Marvellous, it seemed, to learn so much, compared with the blank before, and yet so little compared with what might have been revealed. So that first night of revelations passed, and the morning dawned. The three laid down the scroll and went out to the beach before the cottage.
How wonderfully everything had changed to them since the previous night!
As they had read and listened in eager expectation through the night, every now and then a disappointment had crept over them that so much should be left untold; but now as they stepped out over the familiar threshold on the familiar beach, for the first time they understood how much had been revealed, and how marvellously everything was transfigured to them. The world had grown so infinitely larger; the island so infinitely less!
The island, which had been their world, seemed to have shrunk and shrivelled to a mere rocky peak, where some shipwrecked company had found a transient refuge, and where they were merely awaiting the vessel which was to take them thence.
As the dawn flushed over what they had been used to call mountains, the vision of the glorious mountain-ranges beyond and above them seemed to dwarf them into sand-banks. When the dawn grew into practical day, and the busy hum of labour and traffic came from the White Town across the creek, and eager voices began to resound along the shore, the three looked at one another with smiles that said, "Why make they this ado?" And when, with much pomp and circumstance, the attendants of one of the Town authorities escorted him with trumpets and banners past the Cottage, and all the dwellers in the neighbouring cottages made obeisance as they passed, and eagerly gazed after the pageant,—to the three whose eyes were opened it seemed like some game of little children playing at being kings and princes.

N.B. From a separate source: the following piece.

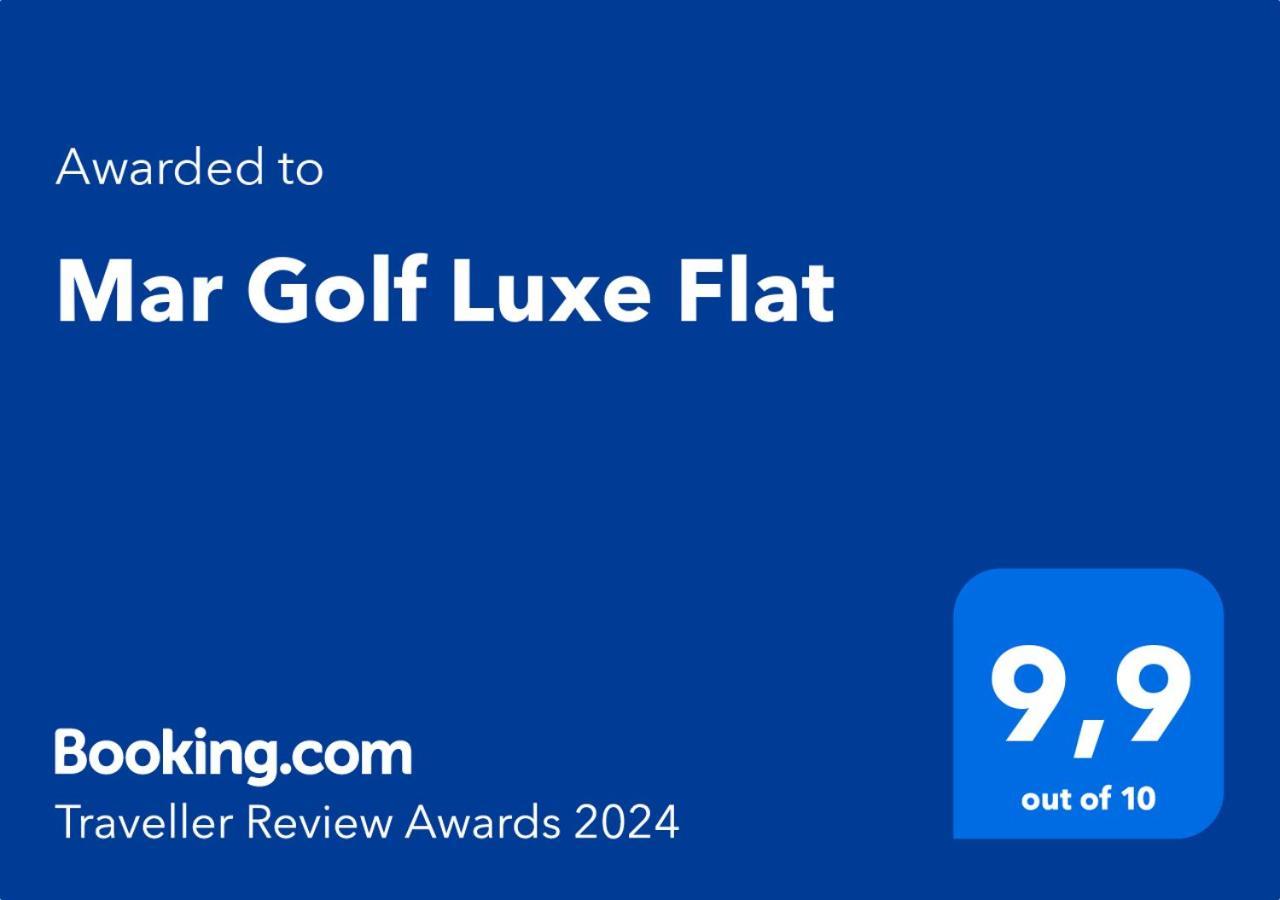 Апартаменты Mar Golf Luxe Flat Мурсия Экстерьер фото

At first, on the discovery of the true proportion between the Island and the Main Land, everything was swallowed up in the sense of that proportion; or rather, of that tremendous disproportion. The Island dwindled to a mere speck. It was as if they had fallen asleep on what they believed to be terra firma, and wakened up on a raft with nothing but a few planks between them and the fathomless depths on every side.
For one thing, both from the old man's words and from the scroll, was absolutely clear.
Everywhere, everywhere, above that brooding mist, on high, commanding all they did, were towering at that moment the Everlasting Hills.
Somewhere, somewhere, behind that impenetrable veil (impenetrable only to eyes on this side of it), were flashing the towers of the Golden City, were standing open the pearly gates, were echoing in the tones of dear familiar voices, the welcomes which never die away along those happy shores, as the echoes of the partings never die from these. Somewhere, not afar off, the eyes of the Deliverer and the King were watching them.
And no one in that region knew of it but those three, standing together alone by the cottage threshold.